As a physical river, in the oldest texts of the Rigveda it is described as a "great and holy river in north-western India," but in the middle and late Rigvedic books, it is described as a small river ending in "a terminal lake (samudra)." As the goddess Saraswati, the other referent for the term "Saraswati" which developed into an independent identity in post-Vedic times, the river is also described as a powerful river and mighty flood. The Saraswati is also considered by Hindus to exist in a metaphysical form, in which it formed a confluence with the sacred rivers Ganga and Yamuna, at the Triveni Sangam, as described in the Puranas. According to Michael Witzel, superimposed on the Vedic Saraswati river is the "heavenly river" of the Milky Way, which is seen as "a road to immortality and heavenly after-life."
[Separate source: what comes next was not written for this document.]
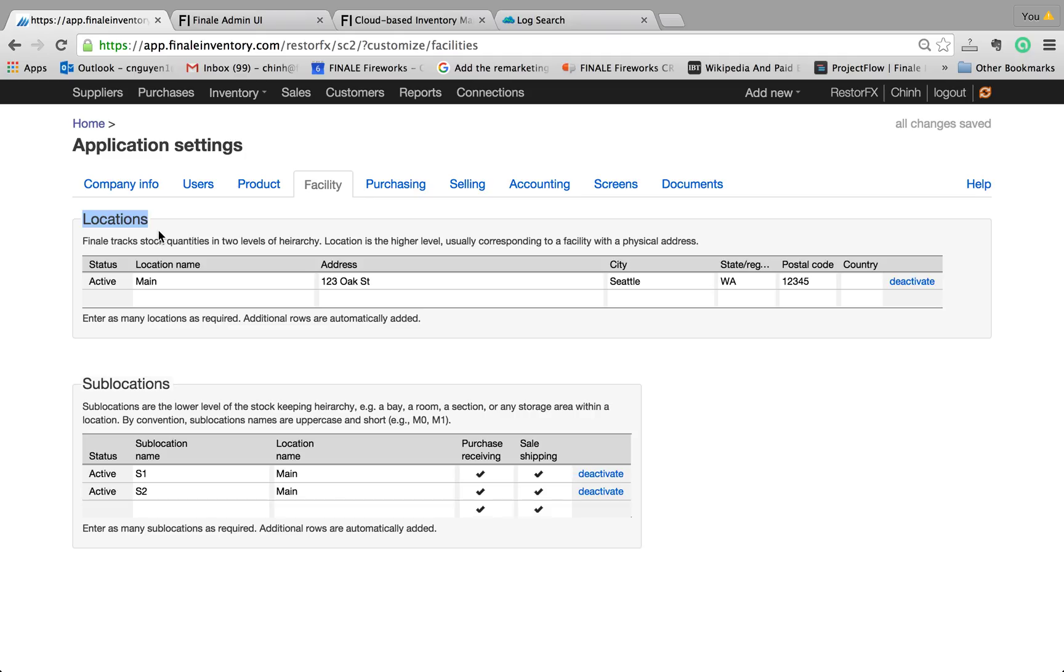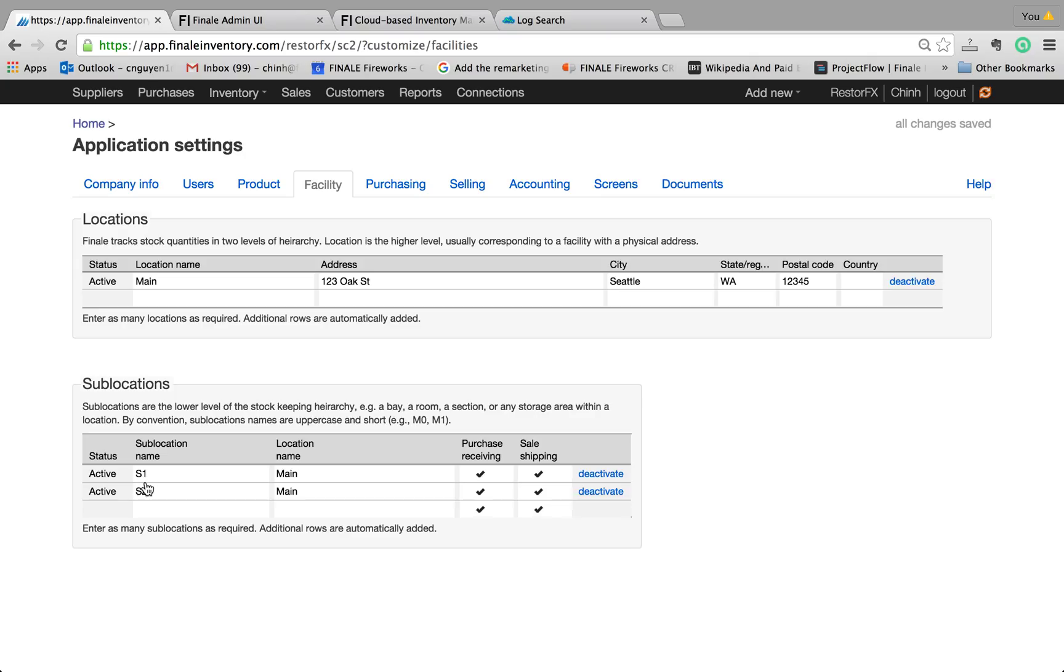Smaller parts of the building divide up in multiple sections. They could be bays, rooms, shelves, aisles. So in this example, you have basically the main warehouse here. And under the main warehouse, you have two places, sublocations, where you're keeping track of inventory: S1 and S2.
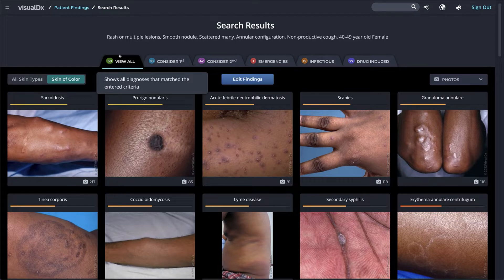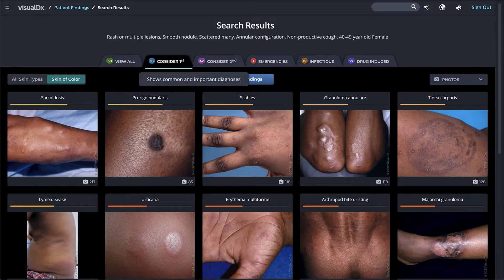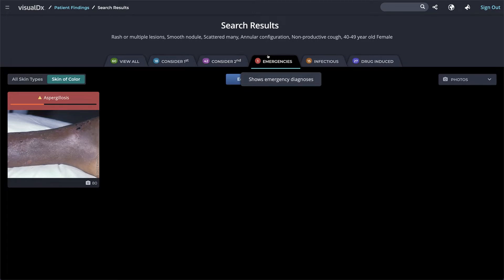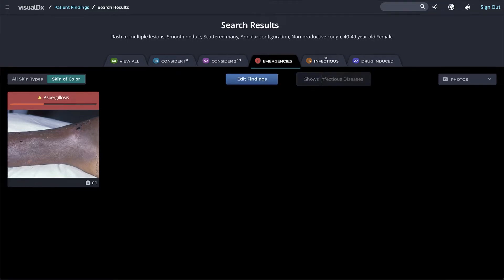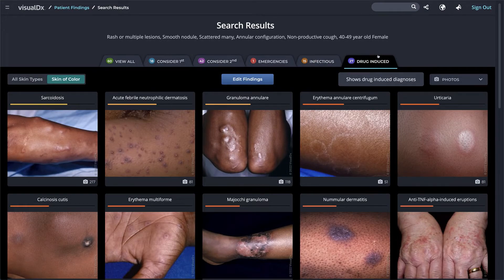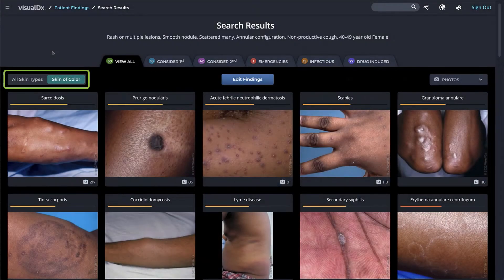Consider First shows the most common and important diagnoses. Consider Second shows uncommon and rare diagnoses. Emergencies groups all diagnoses classified as emergencies, whether they are life-threatening or require immediate attention. Infectious shows infectious diseases. If you enter a travel finding such as Puerto Rico or Florida at any point in your workup, the Infectious tab will default to the front in your differential results. Drug Induced shows any drug-related diagnoses; if you enter a medication as a chief complaint, the Drug Induced tab will appear first.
Rigvedic and later Vedic texts have been used to propose identification with present-day rivers, or ancient riverbeds. The Nadistuti Sukta in the Rigveda (10.75) mentions the Saraswati between the Yamuna in the east and the Shutudri (now known as Sutlej) in the west, while RV 7.95.1-2, describes the Saraswati as flowing to the samudra, a word now usually translated as 'ocean', but which could also mean "lake." Later Vedic texts such as the Tandya Brahmana and the Jaiminiya Brahmana, as well as the Mahabharata, mention that the Saraswati dried up in a desert.
Since the late 19th century CE, numerous scholars have proposed to identify the Saraswati with the Ghaggar-Hakra River system, which flows through modern-day northwestern-India and eastern-Pakistan, between the Yamuna and the Sutlej, and ends in the Thar desert. Yet, recent geophysical research shows that the supposed downstream Ghaggar-Hakra paleochannel is actually a paleochannel of the Sutlej, which flowed into the Nara river, a delta channel of the Indus River, which was abandoned. 10,000–8,000 years ago when the Sutlej diverted its course, leaving the Ghaggar-Hakra as a system of monsoon-fed rivers which did not reach the sea.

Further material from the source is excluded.